Although the model architecture looks relatively nonstandard (pure convolution, extensive use of 5x5 convolutions, no residual layers), the overfitting might be attributable to the dataset. What is the extent of the training and validation set here, and is the data distribution comparable? For example, are the road conditions similar, orientation of camera comparable, etc.?

If collecting more data is not an option, there are various data augmentations that might be applicable in this setting:
https://pytorch.org/vision/stable/transforms.html

Thank you for your reply. Sorry, I forgot to mention about the dataset.

Its from Honda and Waymo (on real road images not in simulation), each image has size (220, 66, 3)
There are about 2,50,000 images in training set and about 43,000 in validation.

And yes the data distribution is comparable. Similar angles and road conditions. Although inherently driving data is a little bit non identically distributed.

Yes, Data Augmentation with:

  1. Random selection of various lighting, brightness, contrast, saturation and hue conditions
  2. Spatial shift, rotation, flip and perspective

are in my considerations for the future. However, I was under the impression that I should be able to get at least some generalization with the current version of the model and pipeline as well. And that Augmentation would help improve that performance.

Please feel free to add your thoughts and comments on this.
I appreciate you taking the time to answer.

To check if it is indeed a distribution or issue of problem difficulty, I would try to first debug the system by replacing the validation set with the training set and seeing if the results match the training set.
If this works I would try splitting the training set in half and seeing if training on the first half of the training set generalizes well to the second.

Thank you for your insight,
The result of both Train and Val sets= Training data

Next, the result of Train = first half of Training data, Val = second half of Training data

Note the validation error is very high.
Now would it be correct for me to say, “The problem we face is not due to distribution shift between Training and Validation sets but rather the problem difficulty of learning with generalization”. Because, even when the data was from the same distribution it did not generalize.

Next I am going to try data augmentation (which I believe has been proven to improve generalization as well as to better performance in training). Are there any specific strategies you know that I should follow?

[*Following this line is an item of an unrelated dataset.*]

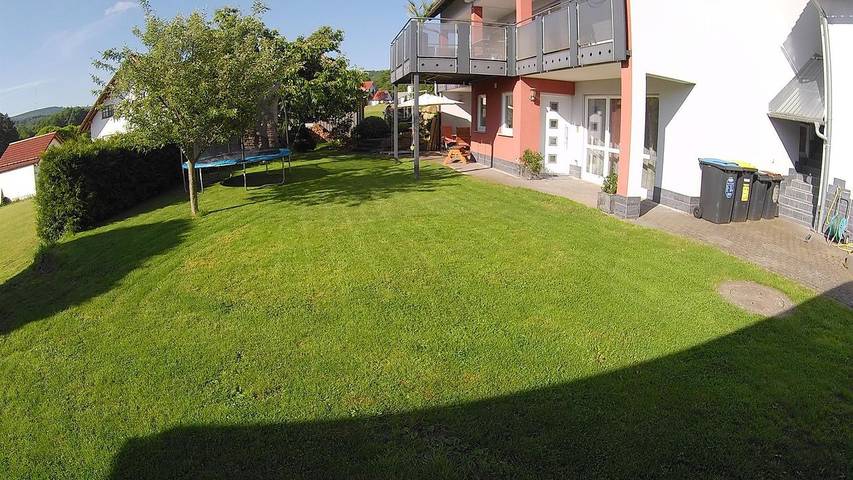 Ferienwohnung für 4 Personen, mit Garten in Rhön-Hessen - 4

I don’t think there is any silver bullet for what types of augmentation will work best e.g., [1909.13719v2] RandAugment: Practical automated data augmentation with a reduced search space (arxiv.org)

However, there may still be parts of the model architecture that make it more prone to overfitting. For example, a flatten operation rather than average pooling (or some other kind of layer that removes spatial dependencies) before the fully connected layers may cause the model to be more dependent on non-generalizable features. You might want to see if the results improve with a modified ResNet or other popular vision architecture.

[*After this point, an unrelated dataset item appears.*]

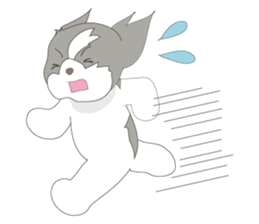 Lucy and Pe of sticker sticker #4125875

Thank you for the pointers to the paper.

I did a data augmentation where for every image there is a transformed image with one of the 13 transforms from this list: [Random Color Jitter (Hue, Saturation, Contrast, Brightness), Horizontal Flip, Vertical Flip, Histogram Equalization, Auto Contrast, Adjust Shaprness, Solarize, Posterize , Invert, Affine Transformation, Random rotation , Random Perspective shift, Gaussian Blur]

However, the training still does not improve.

Next, I coded up the ResNet 50 architecture but seems like it will take a while to train (23 million parameters and train data size = 4,30,000). Will update after overnight of running on ResNet.